Excerpts from a dataset
•••••

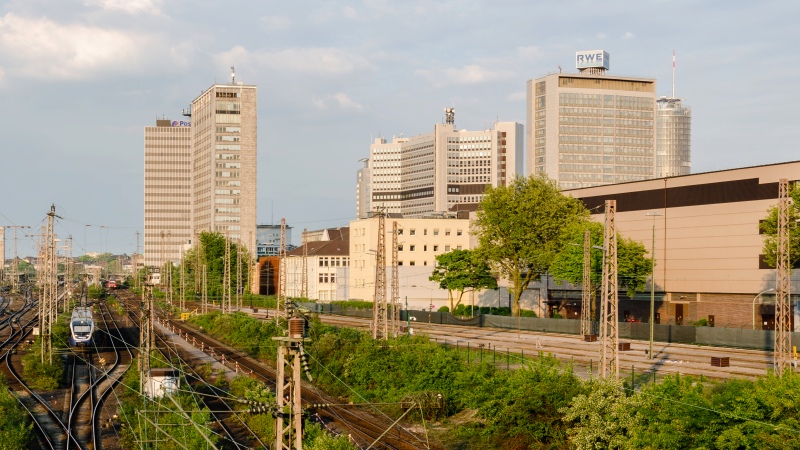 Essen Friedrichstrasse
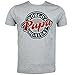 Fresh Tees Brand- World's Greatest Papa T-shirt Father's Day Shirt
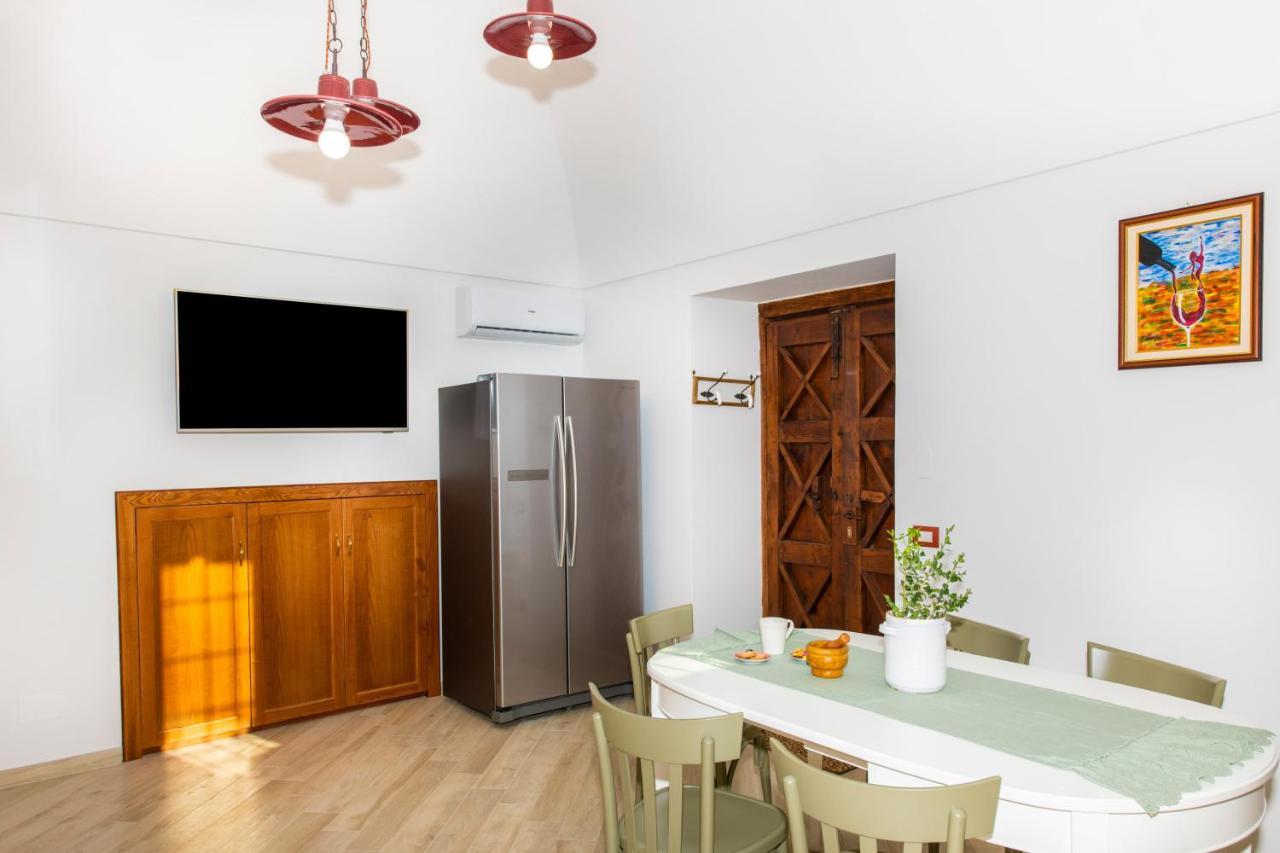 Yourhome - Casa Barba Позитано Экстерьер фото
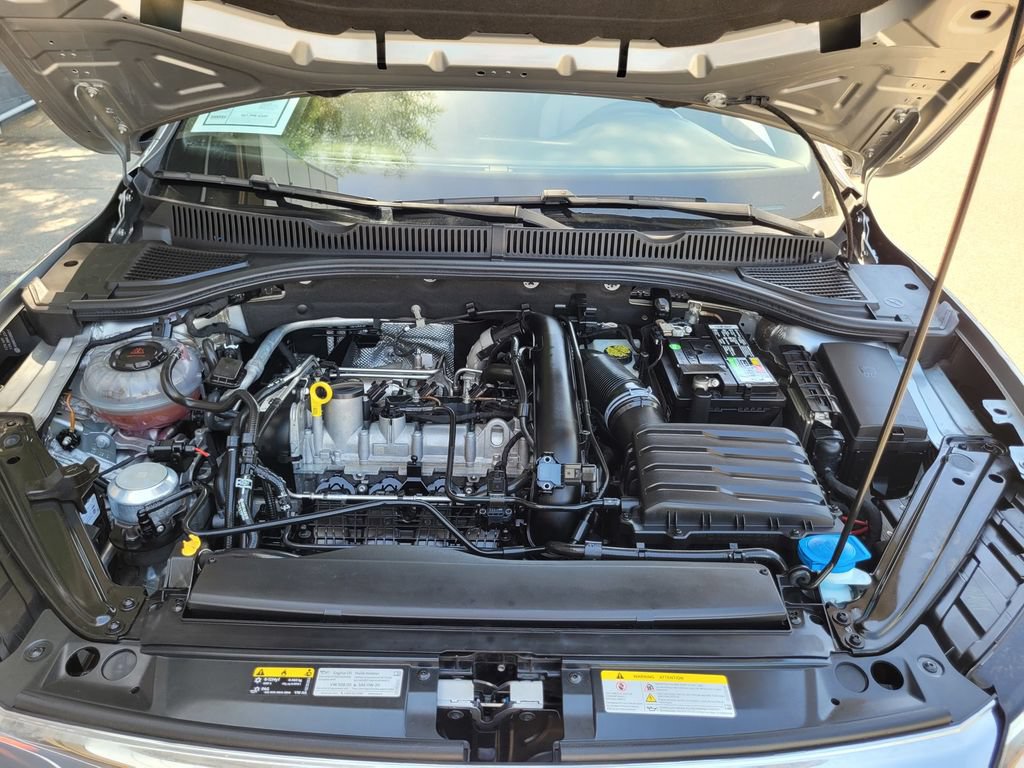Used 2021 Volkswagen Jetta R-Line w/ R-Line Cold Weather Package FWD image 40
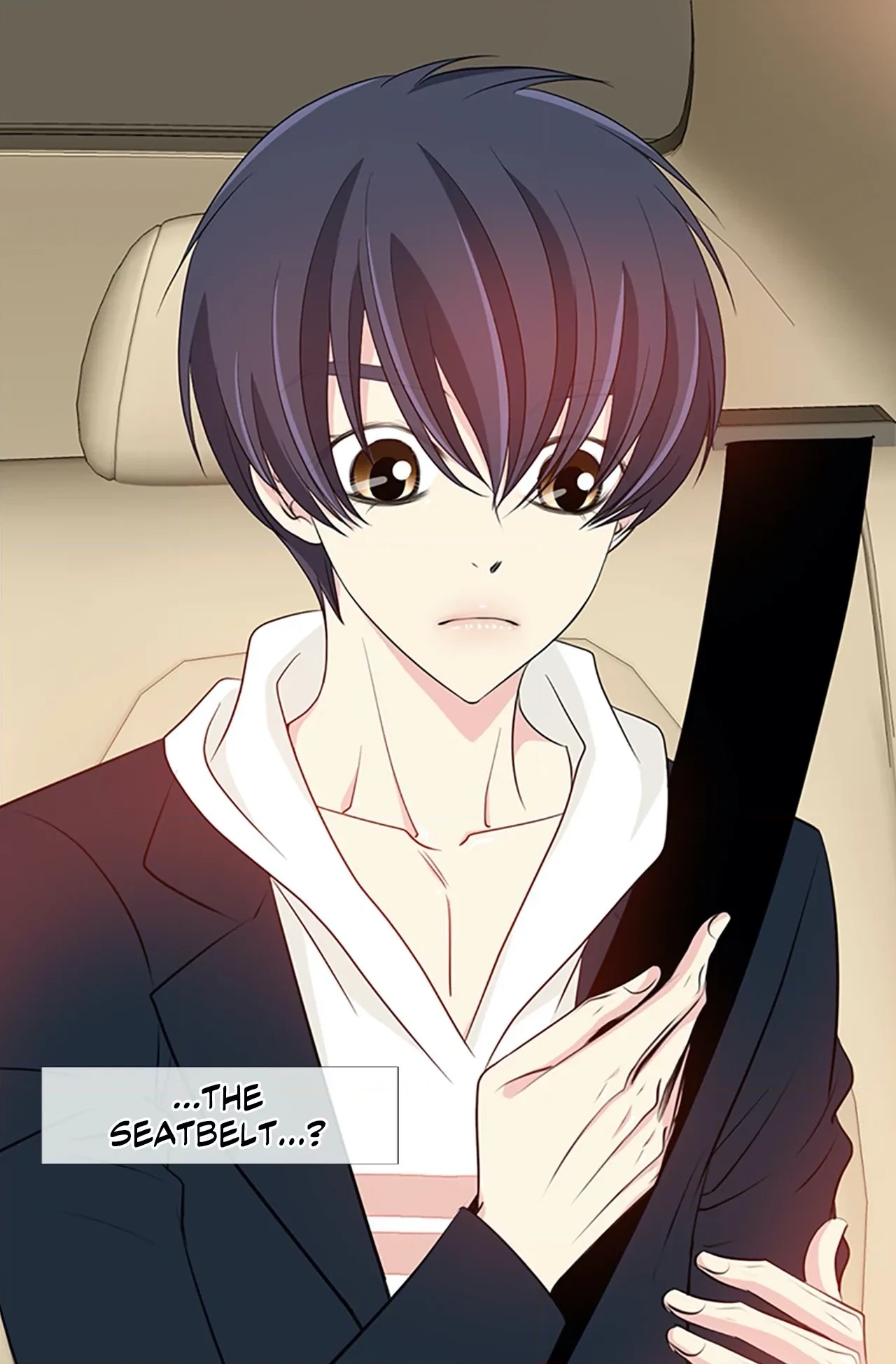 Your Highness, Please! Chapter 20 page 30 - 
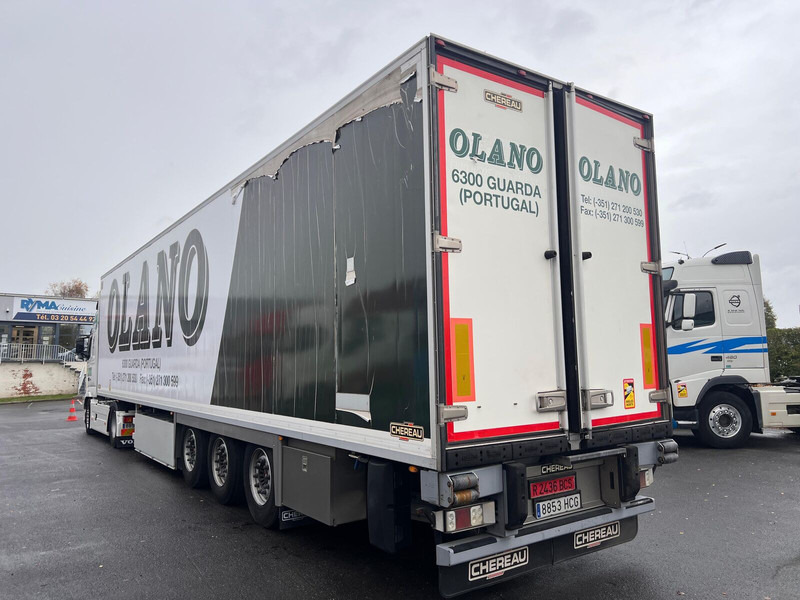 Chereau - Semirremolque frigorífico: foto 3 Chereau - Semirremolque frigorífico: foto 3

•••••

• **TO DO**:
Your reply should give again exactly the lines from the one with "Used 2021 Volkswagen" through the last line of the data, with both ends included and pictures left out.

• **ANSWER BELOW**:
Used 2021 Volkswagen Jetta R-Line w/ R-Line Cold Weather Package FWD image 40
 Your Highness, Please! Chapter 20 page 30 - 
 Chereau - Semirremolque frigorífico: foto 3 Chereau - Semirremolque frigorífico: foto 3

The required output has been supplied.